Process S3 Events using AWS Lambda

Process S3 Events with AWS Lambda

The key question we are going to answer in this post is: How to process S3 objects without servers using AWS Lambda?

Amazon Simple Storage Service (S3) lets you store, retrieve, update, and version objects in the Cloud. Not only does it guarantee durability and high availability at low cost, but it also enables event-driven systems by notifying you whenever objects are created, updated, or deleted. This lets you connect S3 to SQS queues, SNS notifications, or AWS Lambda for custom processing.

Here we will learn how to process new image files uploaded into S3 with a Lambda Function. As a simple example, we will use Python to compress the input image and generate a gzipped version.

AWS Lambda is only one of three possible S3 Events Destinations, which also include SNS topics and SQS queues. A direct connection to Lambda is ideal when you require simple compute tasks to be executed on-demand. Alternatively, you may configure S3 to simply publish a new message on an SNS topic and use this single event to trigger multiple destinations, such as mobile push, SMS messages, HTTP endpoints and SQS queues.

Here we will see a simple scenario containing a single Lambda function invoked every time a new S3 Object is uploaded. Please note that the used model is non-stream based (i.e. async).

What type of events can be triggered?

There are only three main types of events, with a few sub-types depending on the API call used.

The three main event types are:

  • ObjectCreated - Both creation and update of an S3 Object (Put, Post, Copy or CompleteMultipartUpload)
  • ObjectRemoved - Deletion, batch-deletion or versioned object marked for deletion (Delete or DeleteMarkerCreated)
  • ReducedRedundancyLostObject - RRS storage class object loss

Note that the events configuration must be setup on the S3 Buckets and that you won’t receive notifications for failed operations.

In the next steps, you will create a new S3 Bucket and connect its ObjectCreated events to AWS Lambda.

Create an S3 bucket

You can create an S3 bucket using the S3 management console. As with many other AWS services, you can also use the AWS API or CLI (command line interface) as well. This lab uses the AWS console however.
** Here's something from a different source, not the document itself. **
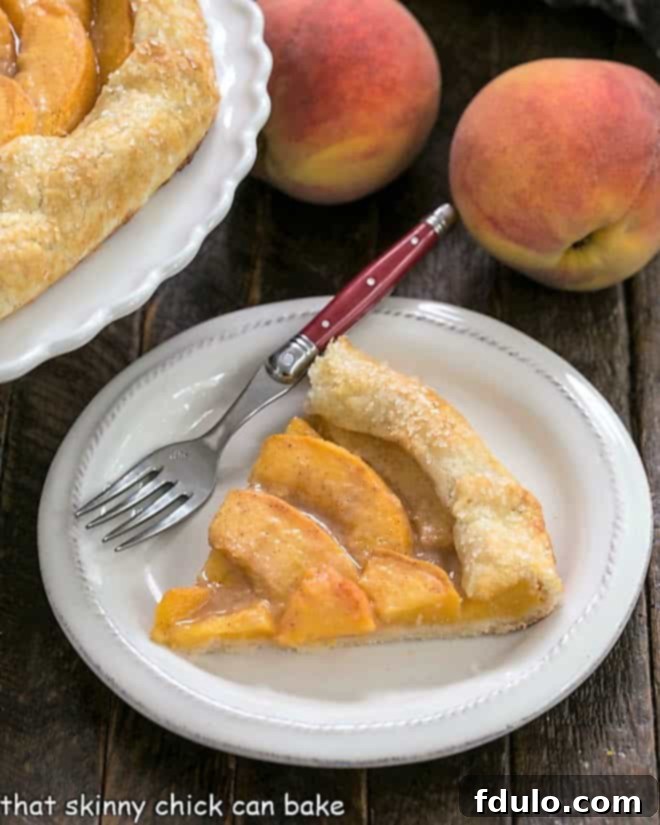 A beautiful slice of peach galette presented on a white plate with a red handle fork, highlighting the juicy filling and flaky crust.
Implement a Lambda Function to process S3 events

Now that you have a bucket ready to use, you can create a new Lambda Function and implement the processing logic.
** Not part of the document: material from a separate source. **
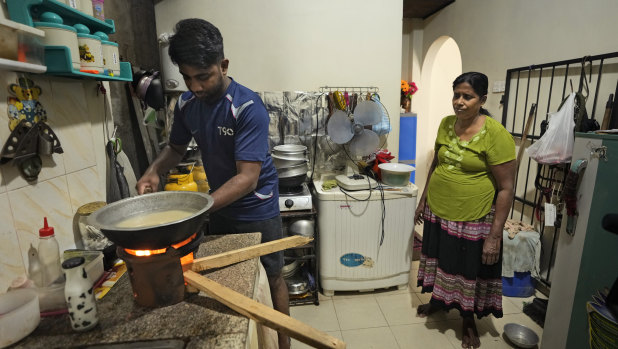 A mother and son cook with firewood at their home in Colombo.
The goal is to create a compressed version of every image uploaded into the S3 bucket.

You will save the original images with a prefix /images/ and the compressed objects with a prefix /zip/. You can think of these prefixes as S3 folders within your bucket, which will allow us to avoid conflicts and infinite recursions. Indeed, if you listen to every creation event to generate new compressed files, you may end up with infinite loops. If new images are always uploaded to one folder, compressed and saved in another folder, then the looping error is avoided. In this simple case, prefixes are the best way to keep the Lambda Function simple and avoid problems.

Create a Function

Enter the following in the Function code:

import os, zipfile, StringIO
import boto3

s3 = boto3.client('s3')

def lambda_handler(event, context):

    # read bucket and key from event data
    record = event['Records'][0]['s3']
    bucket = record['bucket']['name']
    key = record['object']['key']

    # generate new key name
    new_key = "zip/%s.zip" % os.path.basename(key)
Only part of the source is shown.